Belgium Blocks EU €140 Billion Loan to Ukraine by Vetoing Use of Frozen Russian Assets
Key Takeaways
- Belgium vetoed the €140 billion EU loan to Ukraine due to legal and financial risk concerns.
- Frozen Russian assets held mainly in Belgium were intended to finance the stalled Ukraine loan.
- EU leaders postponed the decision on using Russian assets to fund Ukraine until December 2025.
EU Loan Dispute Over Ukraine Funding
EU leaders failed to approve a proposed €140 billion reparation loan for Ukraine after Belgium vetoed using profits from frozen Russian assets.
“EN EN EU leaders failed to approve a €140 billion ($162 billion) reparations loan for Ukraine, with Belgium blocking the plan over legal and financial risks tied to frozen Russian assets held in Brussels”
This veto softened summit conclusions and pushed any firm decision to December.

France 24 reports the planned loan is stalled due to opposition from Belgian Prime Minister Bart De Wever.
The report notes that EU leaders softened their stance, effectively postponing a decision for at least two more months.
El País similarly says the plan has been blocked by Belgium, where most assets are held.
Xinhua highlights broader divisions and adds that the European Central Bank also opposed the proposal on legal and financial grounds.
Ukrainska Pravda underscores that 26 EU countries urged the Commission to explore options but did not endorse the loan tied to Russian assets.
Discussions have been delayed to December, disappointing Ukraine’s hopes for early 2026 funding.
Debate Over Russian Asset Use
The issue is not outright confiscation but whether to back a massive loan with earnings from immobilized Russian state funds—an approach that still alarms Belgium.
The Helsinki Times clarifies the scheme would not confiscate Russian assets but would rely on interest income, with the principal preserved unless Russia consents to reparations.

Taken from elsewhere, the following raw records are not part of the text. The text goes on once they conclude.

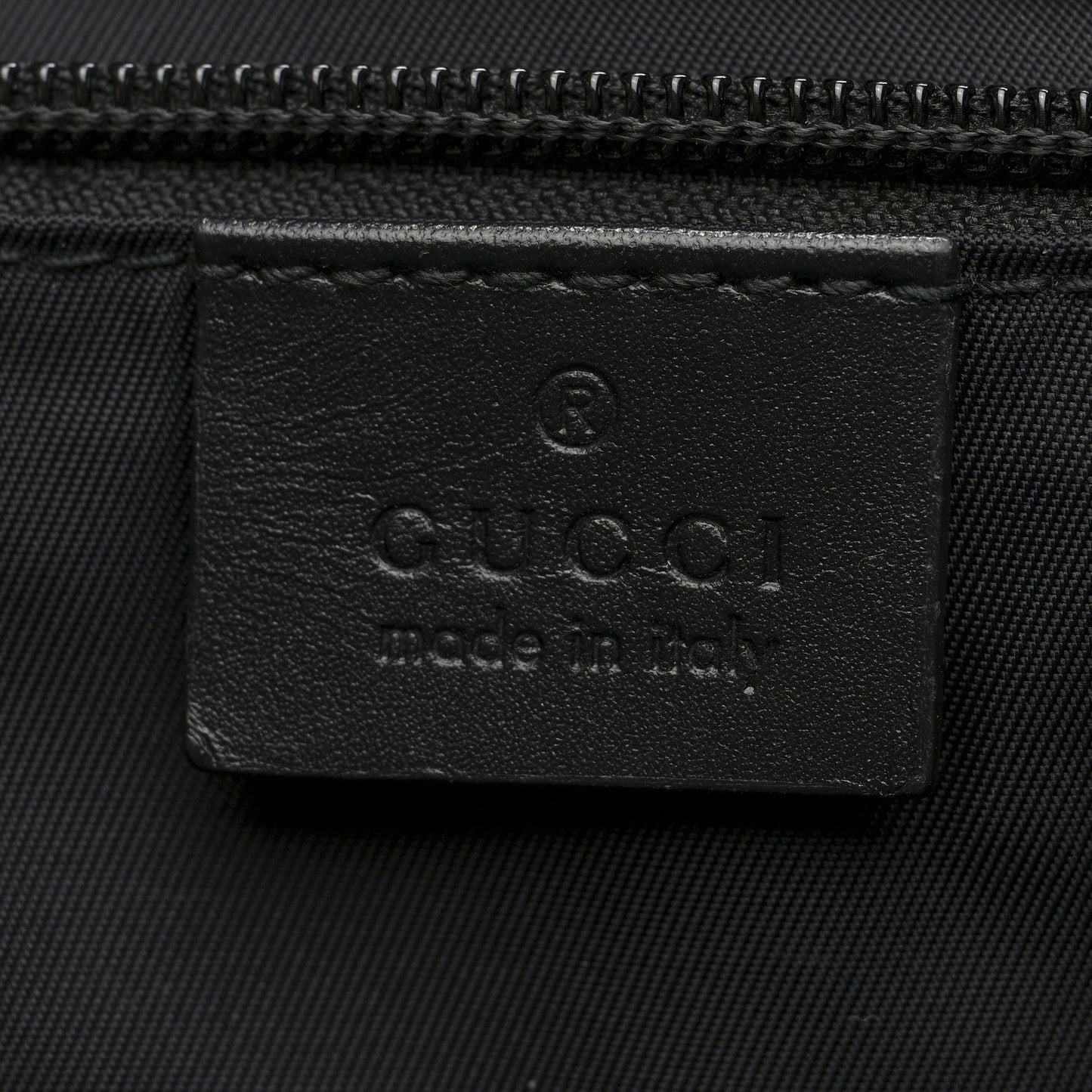 GG Supreme Monogram Web Flap Messenger Bag Black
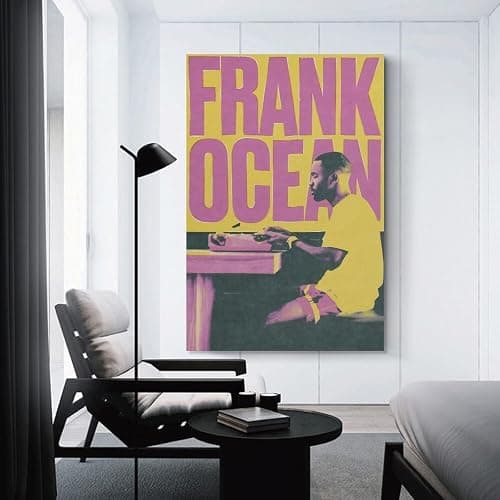 Frank Ocean 5 Canvas Poster Bedroom Decoration Landscape Office Valentine's Birthday Gift Unframe-style12x18inch(30x45cm) thumbnail 3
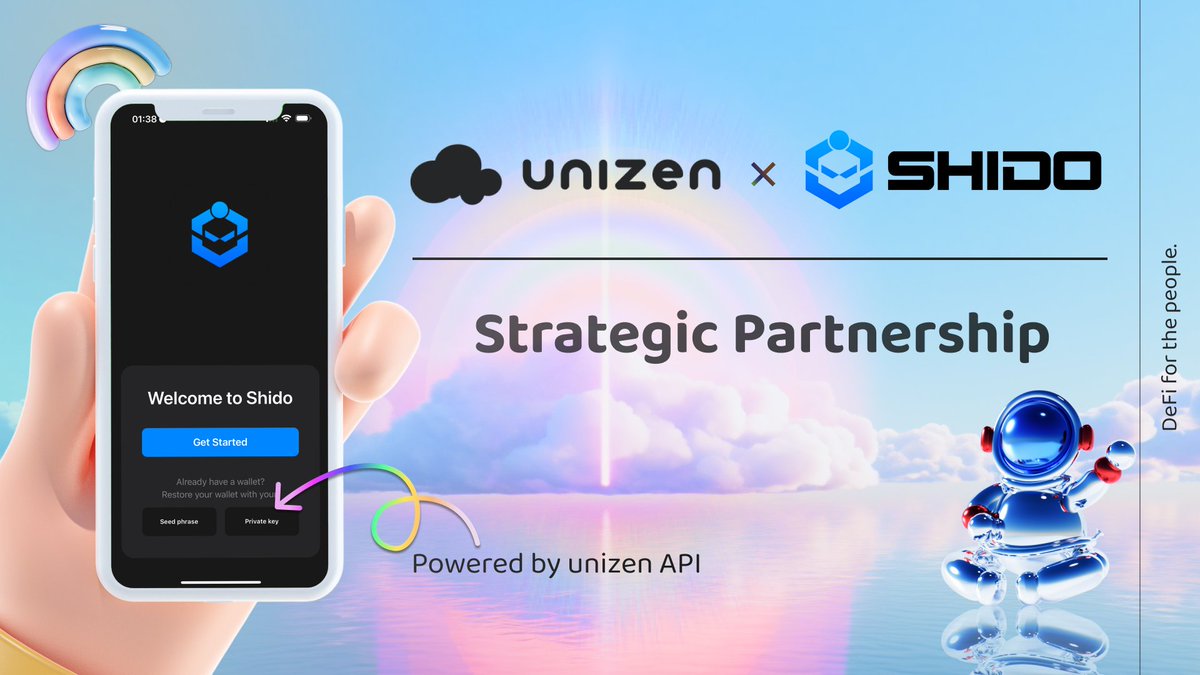 unizen_io's tweet image. @unizen_io 🤝 @ShidoGlobal 

We are proud to announce our newest Strategic Partnership with Shido, a comprehensive DeFi ecosystem built on a Layer 1 Proof-of-Stake blockchain.

For full details, please have a look at our official medium:

medium.com/@MKDunkley_CMO…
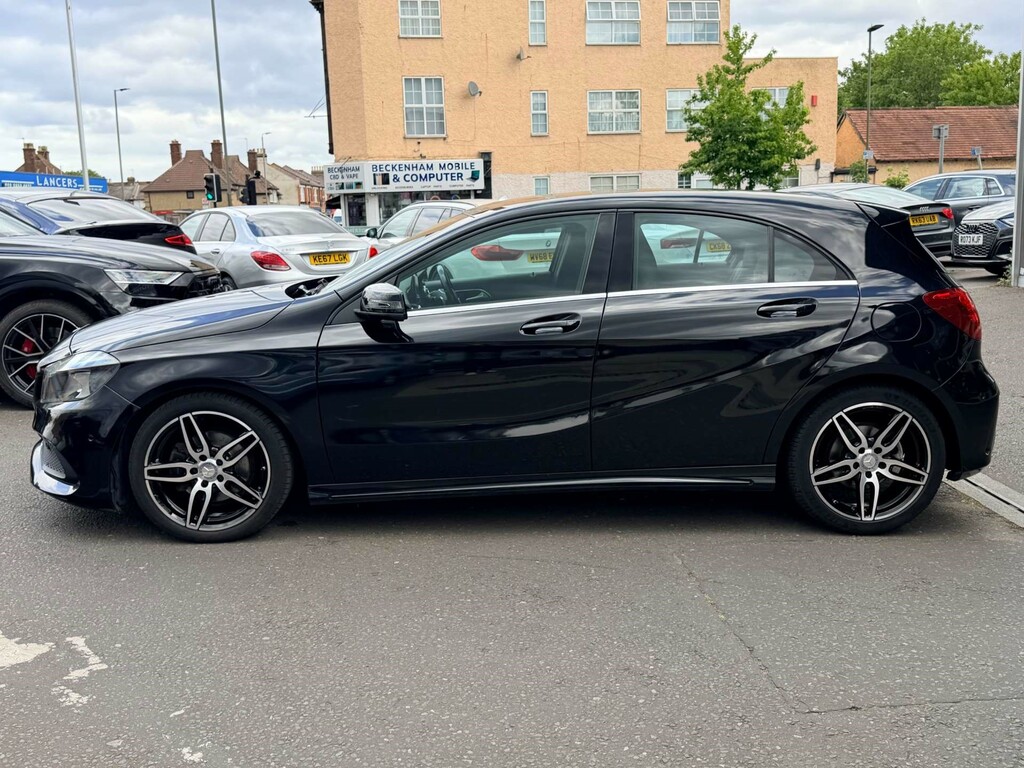Mercedes-Benz A Class A220d Amg Line White #5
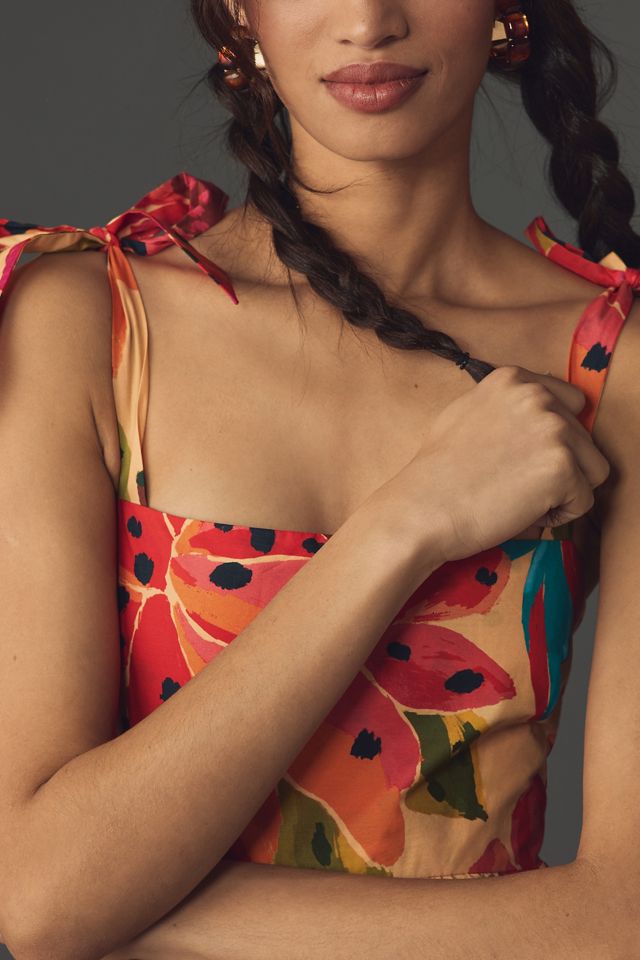 Farm Rio Sleeveless Tiered Maxi Dress #2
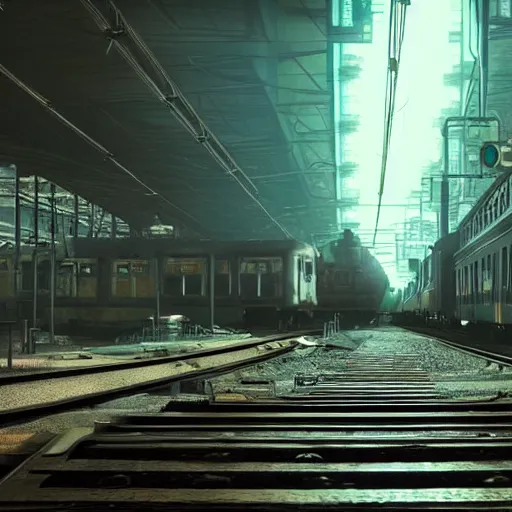 Image similar to 2 :: Train to Hogwarts :: cyberpunk style :: Makoto Shinkai cyberpunk style :: Cinematography by Zack Snyder ::8k resolution :: cinematic shot :: epic :: awe :: masterpiece ::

Belgium even opposed language about using the frozen funds’ cash balances.
Kyiv Post specifies the funding base as income from approximately €190 billion in immobilized Russian state funds managed by Euroclear.
Ukrainska Pravda stresses the loan was to be funded by profits from frozen Russian assets held mainly in Brussels.
However, RBC-Ukraine describes the EU proposal as one to seize frozen Russian assets, underscoring divergent portrayals of the mechanism across outlets.
Belgium's Concerns on Legal and Financial Risks
Belgium’s rationale centers on legal risk, exposure concentration, and fear of retaliation, along with demands that others share the burden.
“Belgian Prime Minister Bart De Wever has blocked the EU’s plans to seize frozen Russian assets and provide Ukraine with a €140 billion loan, reportsPolitico”
El País cites the lack of legal guarantees to protect against potential Kremlin retaliation and risks to Euroclear.
The Helsinki Times lists Belgian concerns about a clear legal framework, joint guarantees, and protection against potential Russian retaliation.
Euractiv adds specifics, noting Belgium is already exposed through a separate €45 billion G7 scheme and wants others to share the risks.
Belgium even sought guarantees that Russia could be reimbursed immediately if it regained access to the assets, which met little enthusiasm.
Xinhua echoes that Belgium demanded shared financial risk, guarantees for potential asset returns, and unified action from all EU members.
Xinhua also notes the European Central Bank's concerns about legal risks.
EU Debate on Frozen Assets
Political maneuvering sharpened the debate.
Euractiv reports Belgium succeeded in weakening the European Council’s conclusions while defending itself against accusations from some EU leaders and officials from Ukraine and the U.S. Treasury that it was profiting from frozen assets.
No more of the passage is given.